Short Stories in Prose and Verse is an 1894 collection of short stories and poetry by the Australian writer Henry Lawson, published by his mother, Louisa Lawson, in 1894. It was the author's first collection.

The collection consists of 15 short stories and poems from a variety of sources.

==Contents==

- "Rats" (short story)
- "A Narrow Escape" (short story)
- "Bush Cats" (short story)
- "Johnson, Alias Crow" (poem)
- "The Drover's Wife" (short story)
- "The Fire at Ross's Farm" (poem)
- "The Union Buries Its Dead" (short story)
- "A Typical Bush-Yarn" (short story)
- "The Bush Undertaker" (short story)
- "A Legend of Coo-ee Gully"(poem)
- "Macquarie's Mate" (short story)
- "When the Childer Come Home" (poem)
- "The Mystery of Dave Regan" (short story)
- "A Derry on a Cove" (poem)
- "Trouble on the Selection" (poem)

==Critical reception==
A reviewer for The Worker (Brisbane) was not impressed with the book. "The title is a misnomer, for the volume is much more a collection of sketches than of stories. The book is a very small one; as the author himself says in the preface, it is more a pamphlet than a volume. The printing cannot be commended, and as for the illustrations, perhaps the kindest thing that could be said about them is that their absence would considerably enhance the value of the volume. We agree with Mr. Lawson in holding that Australian books should be produced by Australian printers, and duly appreciated by Australian readers. But that consummation will never be realised until Australian printers and publishers produce something superior to the book which lies before us. If Mr. Lawson becomes famous it will be in spite of his
printer."

A note in The Bulletin called it "a poor little, badly-printed volume," but went on to urge all Australians to buy a copy "firstly, because the book is well worth it; secondly, because it is a characteristically Australian book, one of the few really original attempts towards an Australian literature; and, thirdly, because the author will be thereby encouraged to produce a bigger volume in better form—a form more worthy of his genius."
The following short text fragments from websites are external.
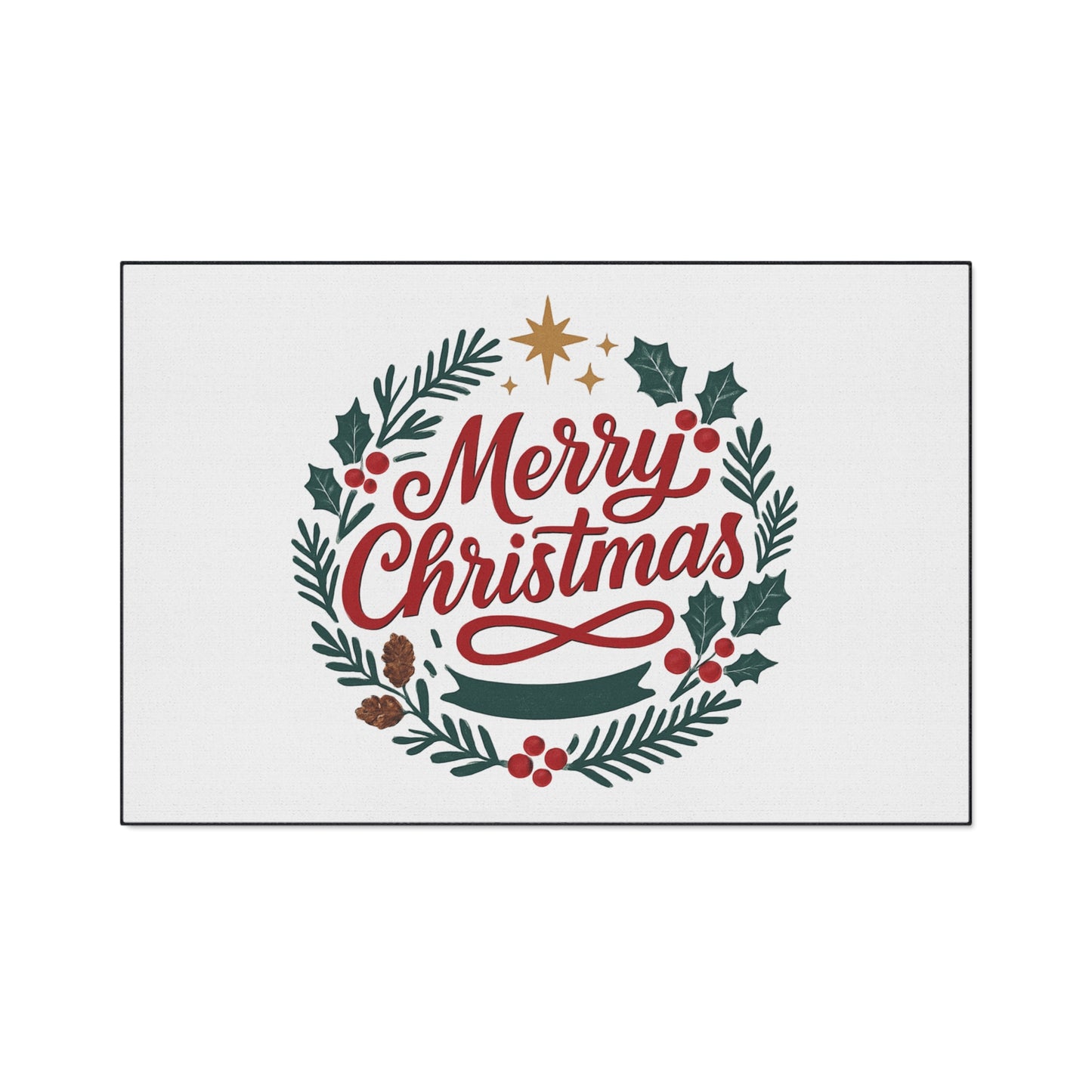 Merry Christmas Heavy Duty Holiday Entry Rug/mat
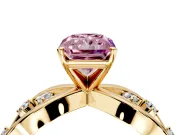 Solitaire Engagement Ring Setting for Fancy Pink Radiant Cut Center with Criss-Cross Accent Band and Prong Head in Yellow Gold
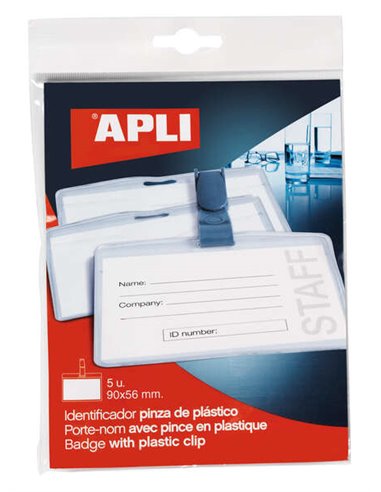 Apli - Identifiant avec clip en plastique pour cartes de visite - Taille 90 x 56 mm - Idéal pour les foires et congrès - Utilisa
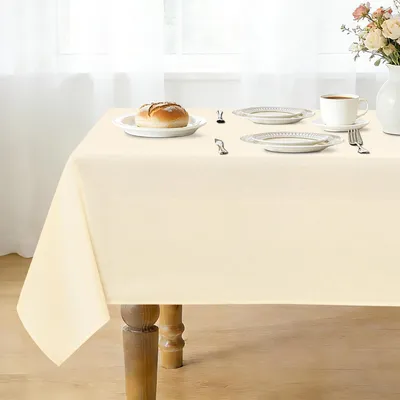 Obrázok produktu pre Obrus obdĺžnikový, vodeodolný, s vzhľadom ľanu, 200 x 135 cm, farba: champagne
The Oxford Companion to Australian Literature called the volume "a poor production", which "nevertheless confirmed his growing reputation."

==Notes==
The Preface to the volume states: "This is an attempt to publish, in Australia, a collection of sketches and stories at a time when everything Australian, in the shape of a book, must bear the imprint of a London publishing firm before our critics will condescend to notice it, and before the 'reading public' will think it worth its while to buy nearly so many copies as will pay for the mere cost of printing a presentable volume."